The following article was written for the Korean language Legal Times.
My mother often told me, when I was much younger, to look both ways before crossing the street, carry an umbrella in the spring, and don’t go out alone in the dark. The advice can go along way for Korean companies doing business outside Korea.
As we all know, Korea companies lament over the fact that it is near impossible for Korean companies, with the exception of the most savvy and cash flush mega-conglomerates, to enter the Chinese, Indian and Southeast Asian markets without local partners if they intend to attempt to penetrate the local markets.
The common cry of Korean companies is to avoid JVs at all costs. In reality the issue is not the avoidance of JVs, but the procedure in choosing and dealing with JV partners. I have seen many Korean, American and European companies succeeded in India, China and Southeast Asia because of the active assistance of local JV partners.
Don’t let your clients attempt a venture alone without at least exploring the possibility of a local partner and normally success will come and the difficulties will be overcome by following my mother’s simple advice.
1. LOOK BOTH WAYS BEFORE CROSSING THE STREET.
Due Diligence, Due Diligence and More Due Diligence. Korean companies, attorneys and business advisors are notorious, throughout Asia, for jumping into roads without looking both ways. Often the situation is caused by an overemphasis on trust, an over respect for Quangxi, and by the greatest quality that most Korean’s hold – perpetual optimism.
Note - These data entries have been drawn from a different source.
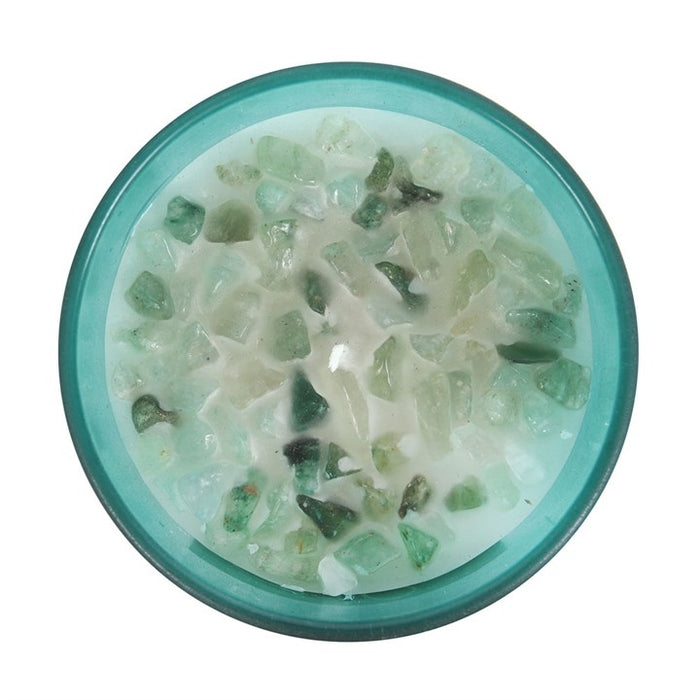 Heart Chakra Mint Crystal Chip Candle 🇬🇧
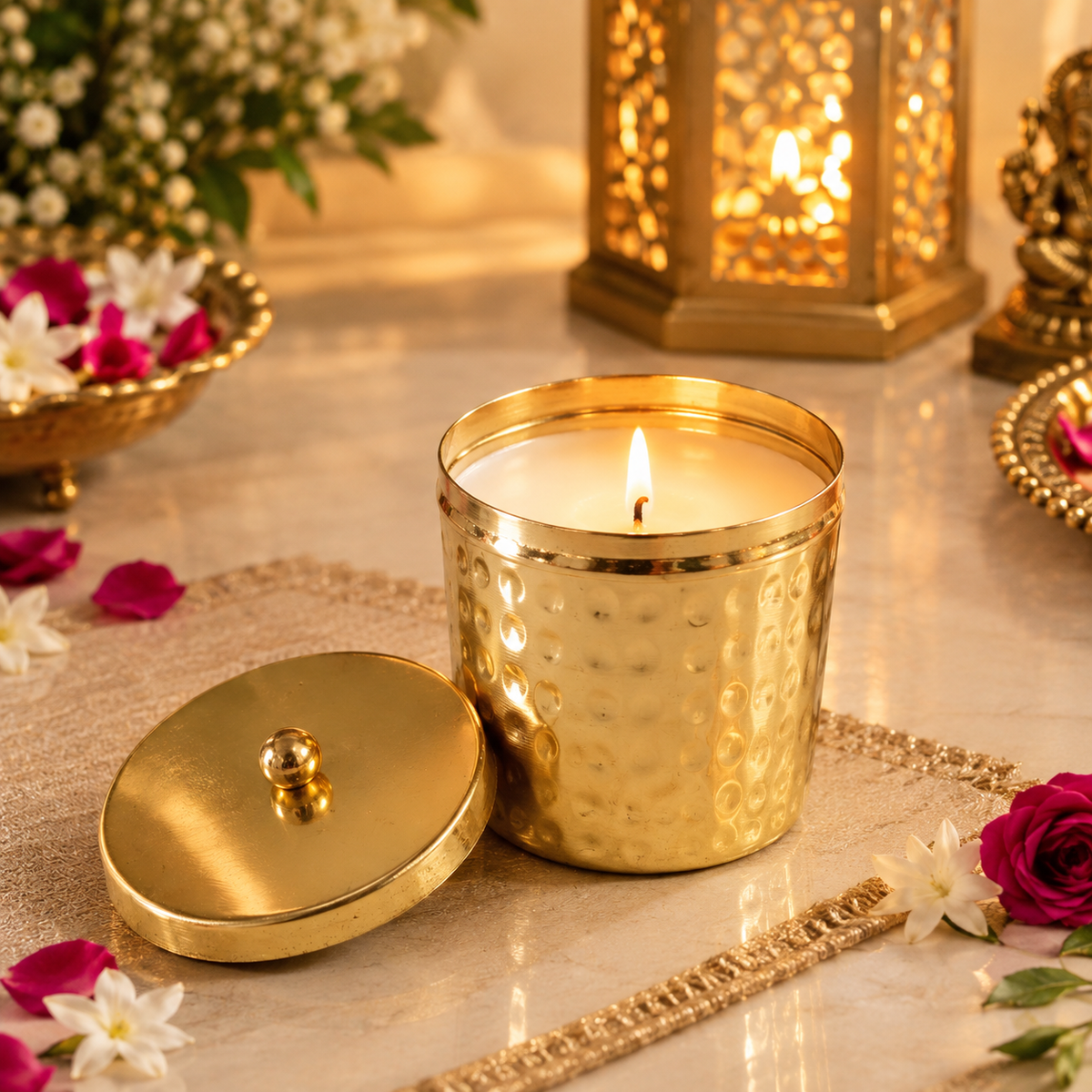 Hammered Brass Jar Candle with Lid | Set of 6 Handcrafted Gold Candles for Diwali Gifting & Festive Decor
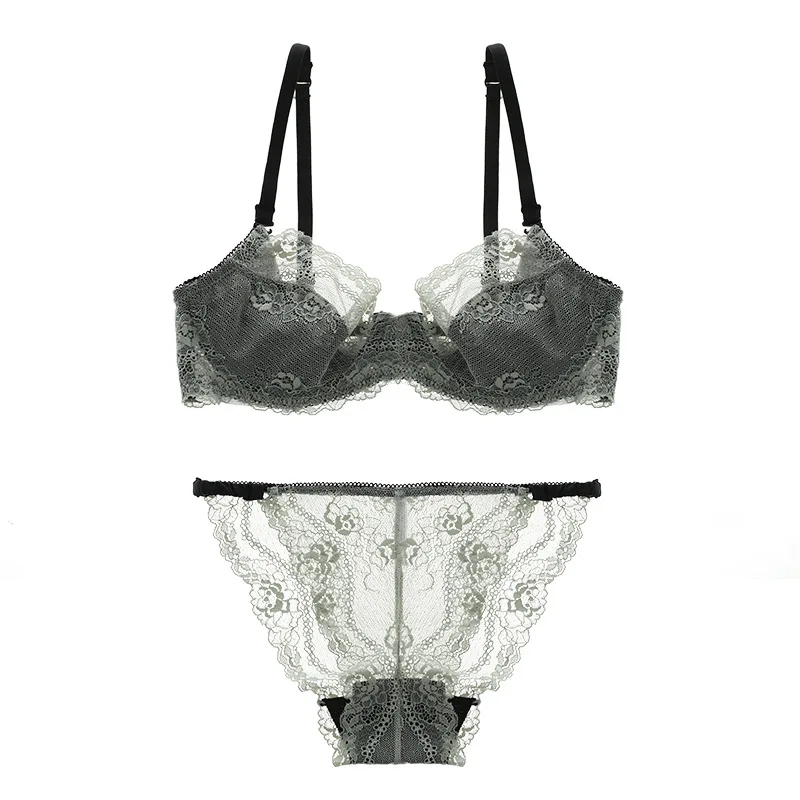 

French Style Ultra-Thin Breathable Push up Bra Sexy Transparent Lace Underwear Female Bra Set women lingerie sets
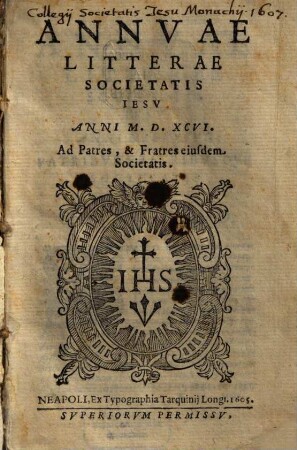 Annuae litterae Societatis Jesu : anni ... 1596, 1596 (1605)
The situation has caused criminal prosecutions for some, business failures for many and headaches for most.
Before your company or your client engages in any business, advise your company or client strongly to go through a full due diligence. I often find that Korean companies, often, fear that this will upset the anticipated partner. If this upsets the partner, you have the wrong partner.
All professional potential local partners should welcome due diligence, since it is a clear sign that the local partner is dealing with a true professional.
For example, when I work with American clients in Southeast Asia, all anticipated partners that have done business with Westerners expect that the anticipated Western partner will do a lengthy due diligence and the better potential local partners are even prepared for the sure deligence prior to the first face-to-face meeting.
One of the better-known companies in Vietnam, with JVs with companies from around the world, has an employee with the specific task of satisfying the due diligence needs of foreign companies.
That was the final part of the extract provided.